Sunday, May 24, 2009

brooklyn rooftop, part II

brooklyn rooftop, part II

Dying stars shine bright again
growing in their final nova
Points, over time, come back
and intersect at an arbitrary axis

Summer loves reunited in
a drunken lustful stupor,
each taking what they please from one another
They don't blame

the rooftop
time capsule cracked
to find argument
drunk dialing
and [temporary] separation

a Bronx apartment
forever remembered
eternally haunted
the broken sink will never forget

Sunday, May 17, 2009

Untitled

It's been a while.

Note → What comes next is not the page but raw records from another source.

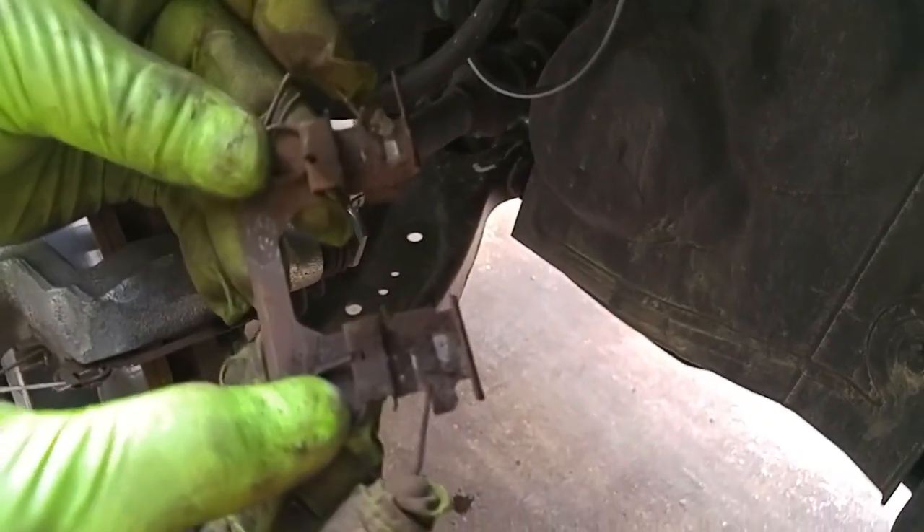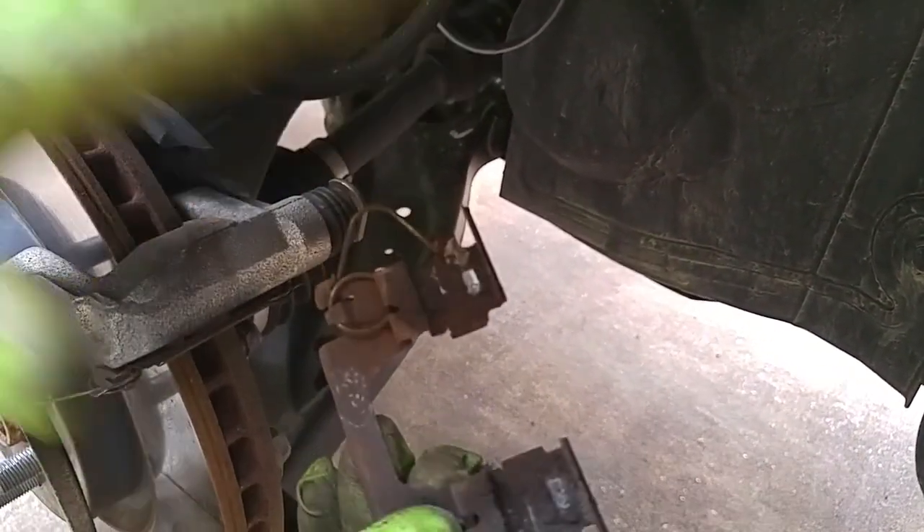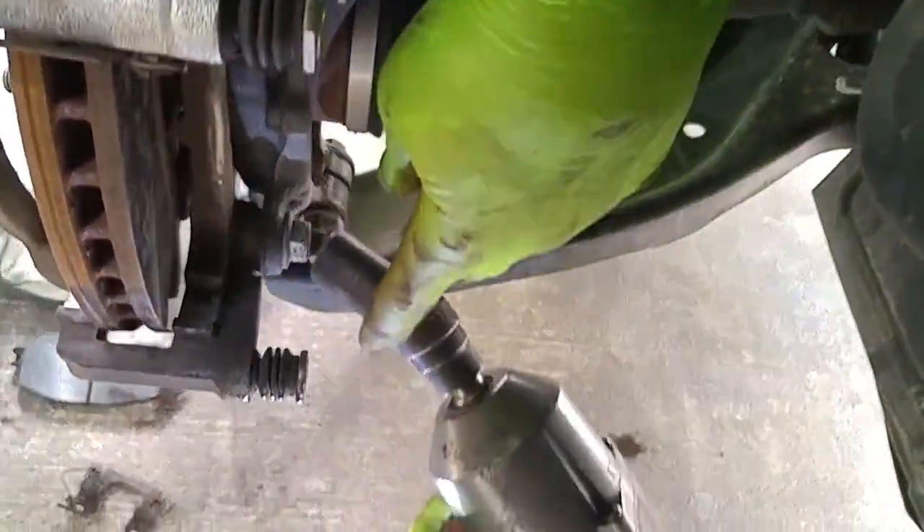See each of these springs? So you mount the pad, and after you release pressure on the brakes, it's going to push the pads back. Now I'll remove the caliper bracket.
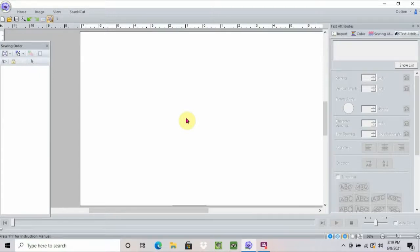Hi everyone. It's Rosemary with Enchanting Rosemary Sewing and Embroidery. As you can see, we're back in PE Design Brothers software. I promised that every week or so we would do a little bit on the PE Design software, so this is the week that we're going to do it. And what I'm going to do is I'm going to work on a little bit of a project that I'm going to do in a class.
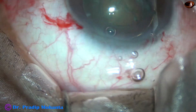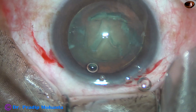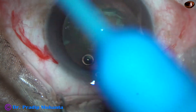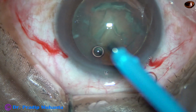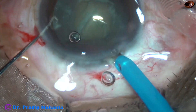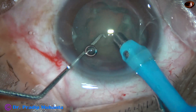Visco again fills the anterior chamber, and now the tip of the feco needle is introduced. The machine being used is Faros from Oertly. The tip of the feco needle enters into the anterior chamber beveled down.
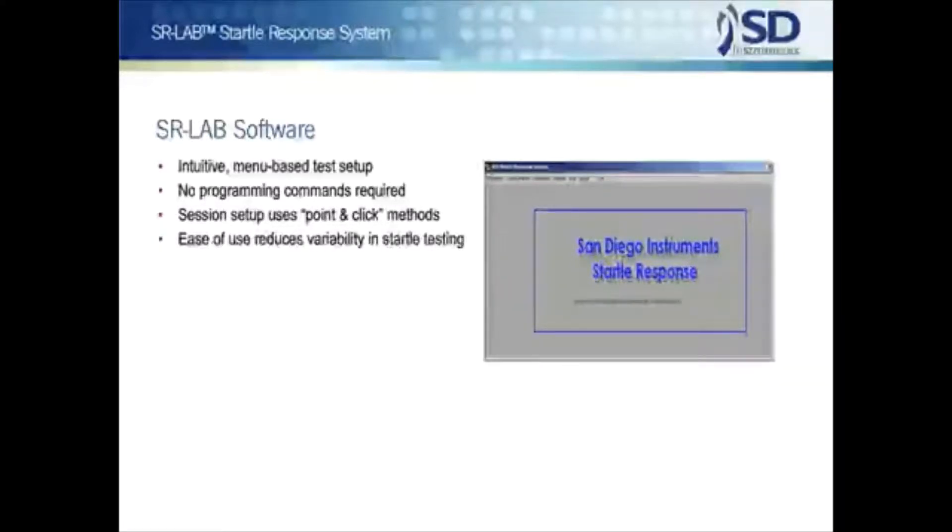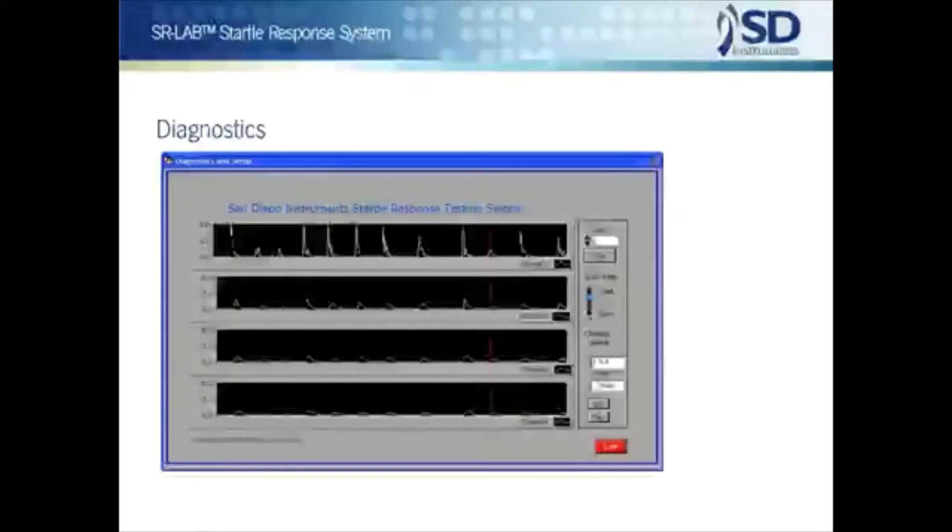For both user groups, the careful design and production of the SR Lab hardware and software are aimed at the goal of reducing variability in test results to an absolute minimum. The SR Lab provides essential pre-test diagnostic routines for the examination of both response and stimulus operations. Although there are self-tests in the system, these routines are not just passive checks — the user can actively manipulate stimulus and response components and observe the effects. For example, the user might tap or vibrate the animal chamber and see the result on an oscilloscope display.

Wrote something while out today.

Do you remember the way I held your hand?
Long ago when things were easier
When we didn't have to think
When things were natural
You were my best friend and I loved you
It was more beautiful because I could see what was wrong with you.
You had cracks and scuffs
I stayed anyway

Then things went sour
Every step feels overly meticulous
Planned with utmost care as to not shatter something like a bull in a glass house
Our effort could be used elsewhere
Maybe we should stop
Maybe we should throw stones
I want to.
Do you?

I remember when all I could think of was trying to go back
If I just held your hand it would feel the same
Your cracks could heal
Your scratches, I could buff them
But I changed you.
I changed you and your scratches became more pronounced.
You cracks, deeper.
I changed you and I'm sorry
I'm sorry I can't fix you
I'm sorry you don't want me to
I'm sorry it hurts
And I'm sorry I changed you into something I can't look at.